According to the IRS:

In general, no organization may qualify for section 501(c)(3) status if a substantial part of its activities is attempting to influence legislation (commonly known as lobbying).

What exactly constitutes lobbying?

An organization will be regarded as attempting to influence legislation if it contacts, or urges the public to contact, members or employees of a legislative body for the purpose of proposing, supporting, or opposing legislation, or if the organization advocates the adoption or rejection of legislation.

According to Rock the Vote’s own blog, the purpose of the “F the Vote” video was just that:

The video updates the old “call your Congressman” adage in a funny, provocative, and attention-grabbing way. The video, which seems to have done its job of getting attention, then acts as a bridge to the sections of our website where you can get serious information on what is at stake, what is in the current bills, how the process works, and how to take real action.

How does RTV suggest taking real action? Click the link and it will take you to a page featuring this graphic:

call-congress-header-v3

Of course, I am no lawyer, but that seems like a pretty clear violation of the prohibition against urging the public to contact congress in favor of a bill. The same page calls on voters to sign the “Yes we Care” pledge. As political slogans go, “Yes we Care” sounds a bit derivative, but I can’t quite put my finger on what exactly. I’m sure it isn’t meant in any way to favor one candidate or party over any other since the IRS states that:

… Voter education or registration activities with evidence of bias that (a) would favor one candidate over another; (b) oppose a candidate in some manner; or (c) have the effect of favoring a candidate or group of candidates, will constitute prohibited participation or intervention.

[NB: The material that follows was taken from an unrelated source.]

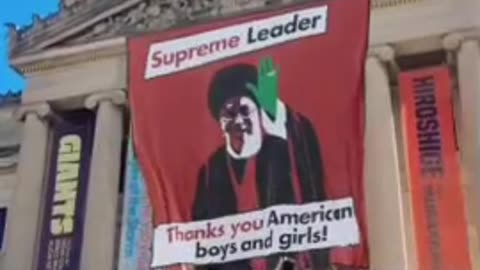 🚨🔥 Unprecedented❕ American youth in New York unfold huge poster of Iran supreme leader Ali Khamenei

At every turn, Rock the Vote makes clear whose side they are on. Refer back to that video they asked Funny or Die to make and gave them permission to use their logo on. Says the actress:

“Maybe some creep who thinks death panels are real is hitting on you. He’s lying to you. You can rock the vote by lying right back!”

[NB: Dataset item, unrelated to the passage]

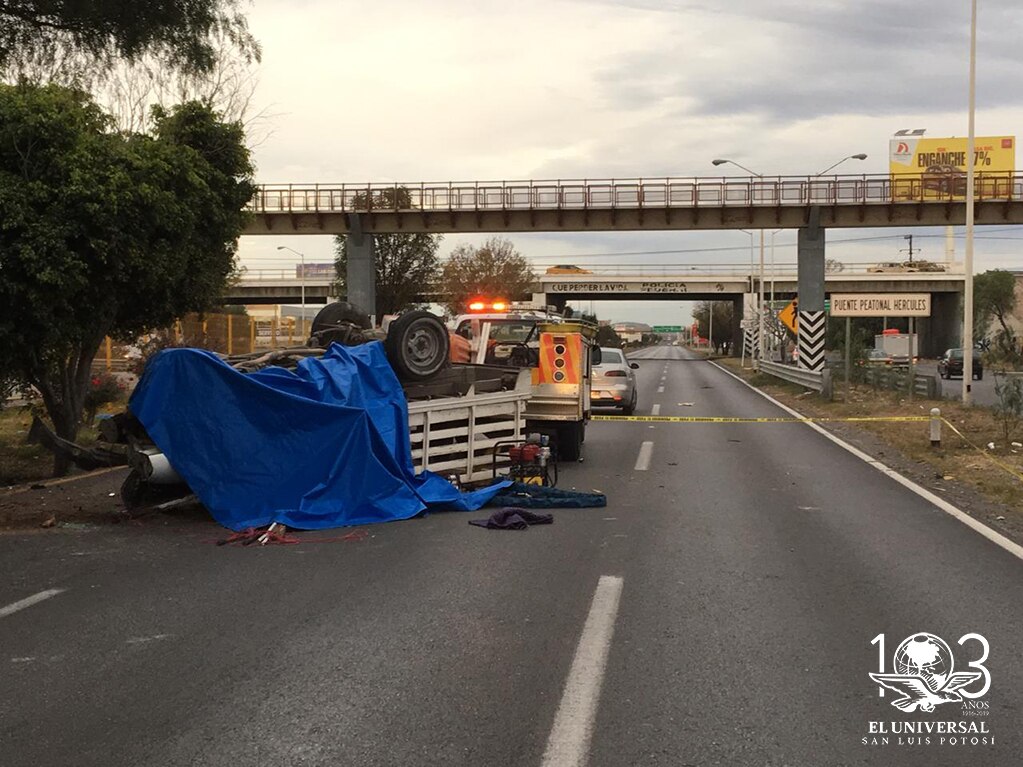 Familia vuelca en carretera México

Since ‘death panels’ is a term popularized by Sarah Palin, recent Republican candidate for Vice President, and since Republican legislators raised it on the floor of the United States Congress, it seems pretty clear that calling people liars who believe in them is a decidedly partisan assertion.

In the end, the entire term, “Rock the Vote,” is used by RTV as code for “Advance Liberalism.” Take the first line of “F the Vote:”

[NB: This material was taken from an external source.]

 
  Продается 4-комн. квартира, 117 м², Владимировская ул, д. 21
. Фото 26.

“Good Job, young America, you Rocked the vote!”

How did young America Rock the Vote? Again, to the RTV website:

Rock the Vote ran the largest youth voter registration drive in history in 2008.

2.6 million people completed registrations [through RTV].

But to what end did they do this? A nonpartisan end? Says RTV, on a page titled 2008 Accomplishments:

The power of young voters made headlines from the Iowa caucuses to Election Day in November, as a force that propelled Barack Obama to the presidency.

There is a check mark beside this fact, clearly marking the election of Barack Obama to the presidency as an accomplishment of Rock the Vote. Again, according to the IRS:

Under the Internal Revenue Code, all section 501(c)(3) organizations are absolutely prohibited from directly or indirectly participating in, or intervening in, any political campaign on behalf of (or in opposition to) any candidate for elective public office.

… Violating this prohibition may result in denial or revocation of tax-exempt status and the imposition of certain excise taxes.

And yet, Rock the Vote continues to function with impunity, wantonly violating at a minimum the spirit, and apparently even the letter of US tax law. They do so while reaching millions of young voters with their progressive message and placing their curriculum in our public schools, all the while aided by corporate donations from businesses where we all spend our money because of the tax-exempt status they flaunt.

Maybe the IRS just doesn’t speak Texan.